# About this task
In the records below, find the line containing "Poster der Serie Clear" and repeat it and every line after it exactly, without pictures.

# Recorded information
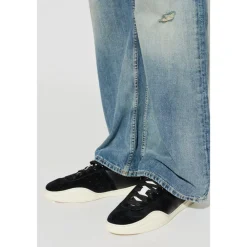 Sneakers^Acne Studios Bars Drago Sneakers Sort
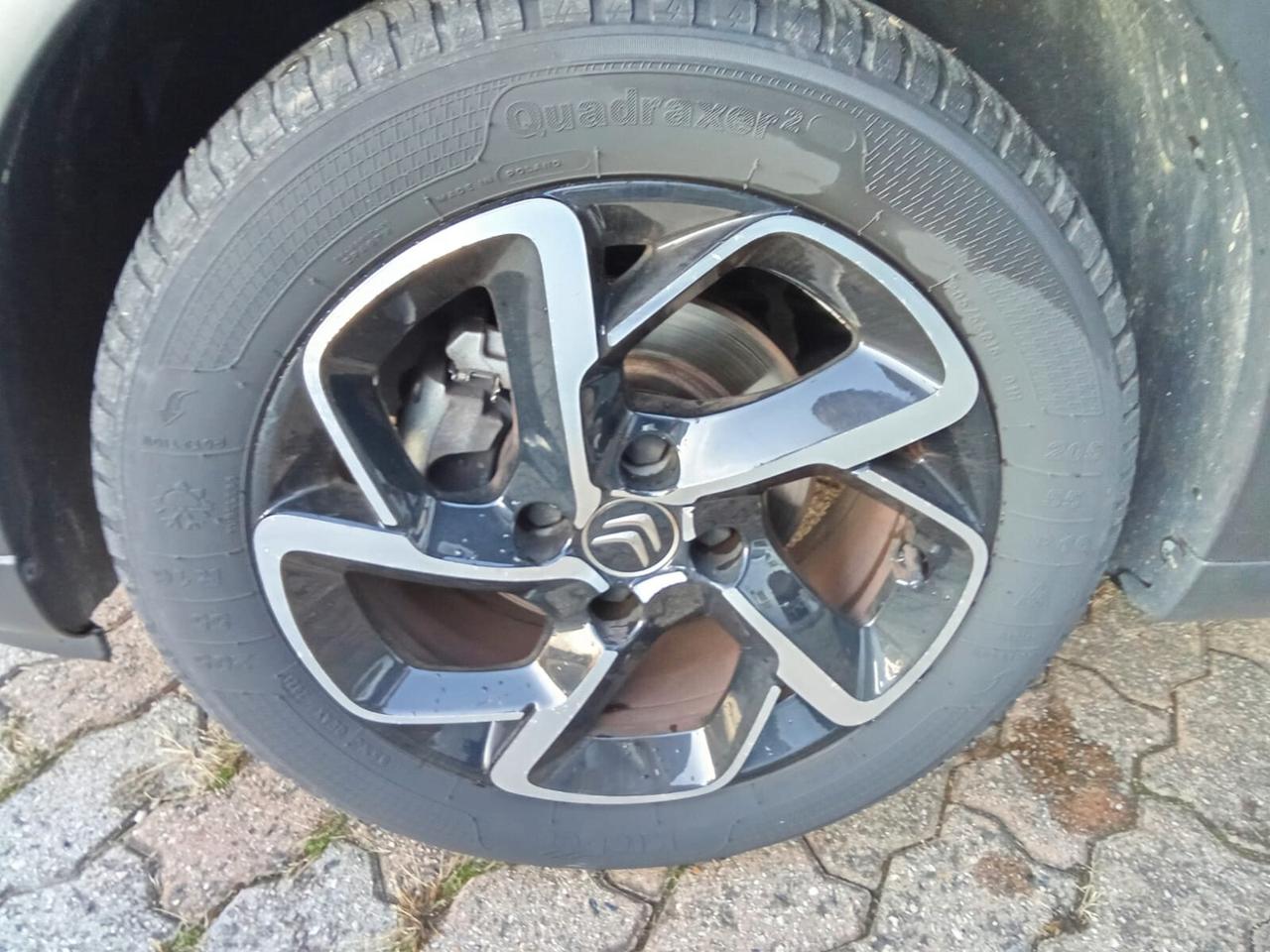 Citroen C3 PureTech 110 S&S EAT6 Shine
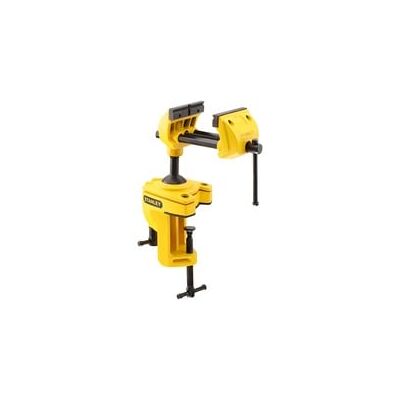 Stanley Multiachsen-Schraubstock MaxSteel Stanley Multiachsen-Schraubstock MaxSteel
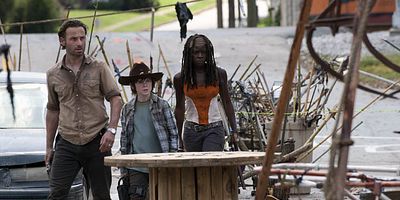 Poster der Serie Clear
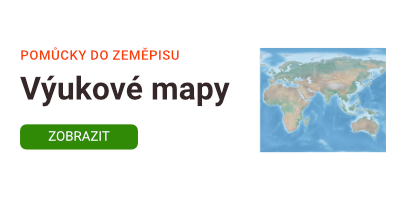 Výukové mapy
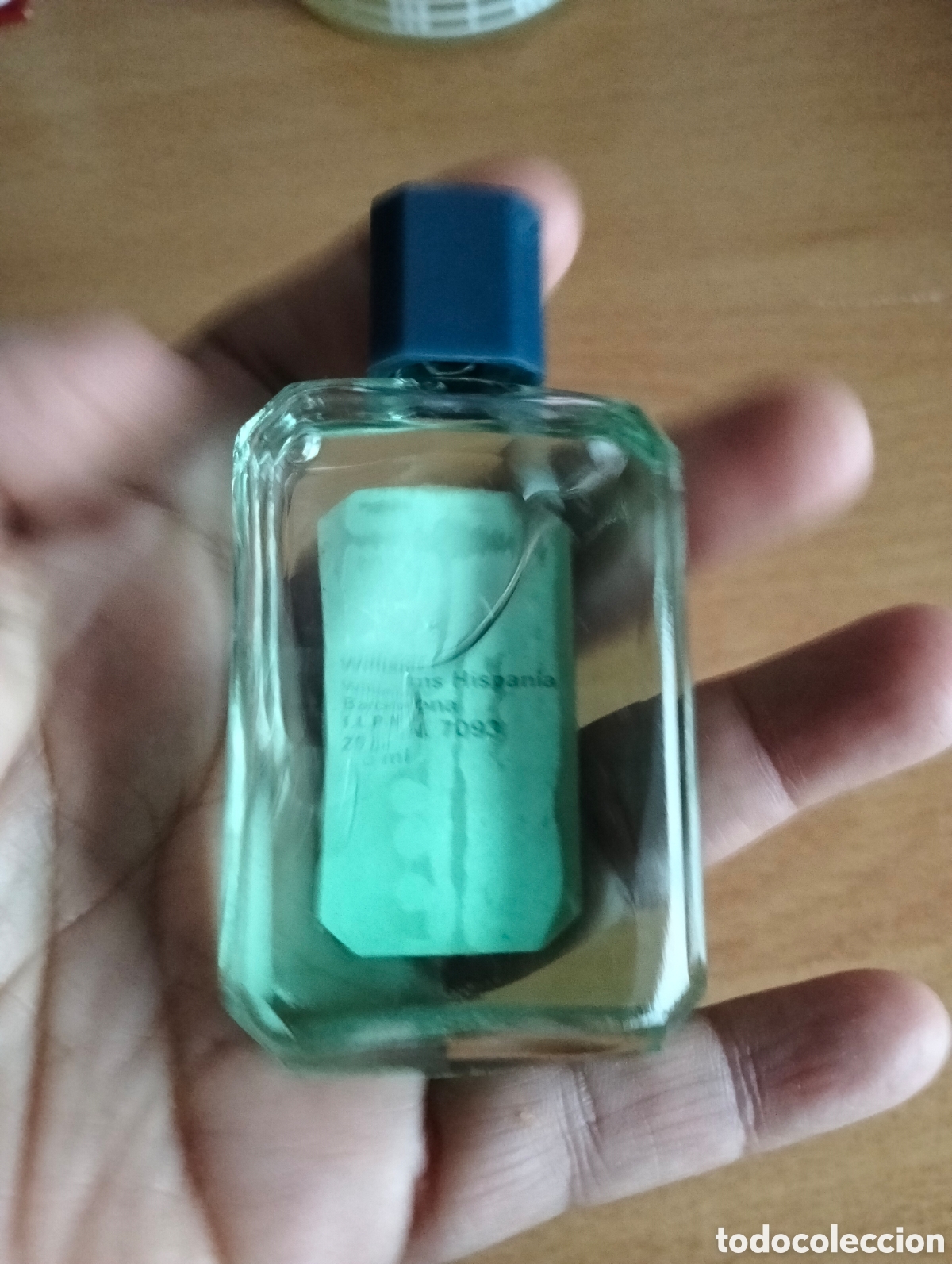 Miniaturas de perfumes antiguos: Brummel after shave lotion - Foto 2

# Answer box
 Poster der Serie Clear
 Výukové mapy
 Miniaturas de perfumes antiguos: Brummel after shave lotion - Foto 2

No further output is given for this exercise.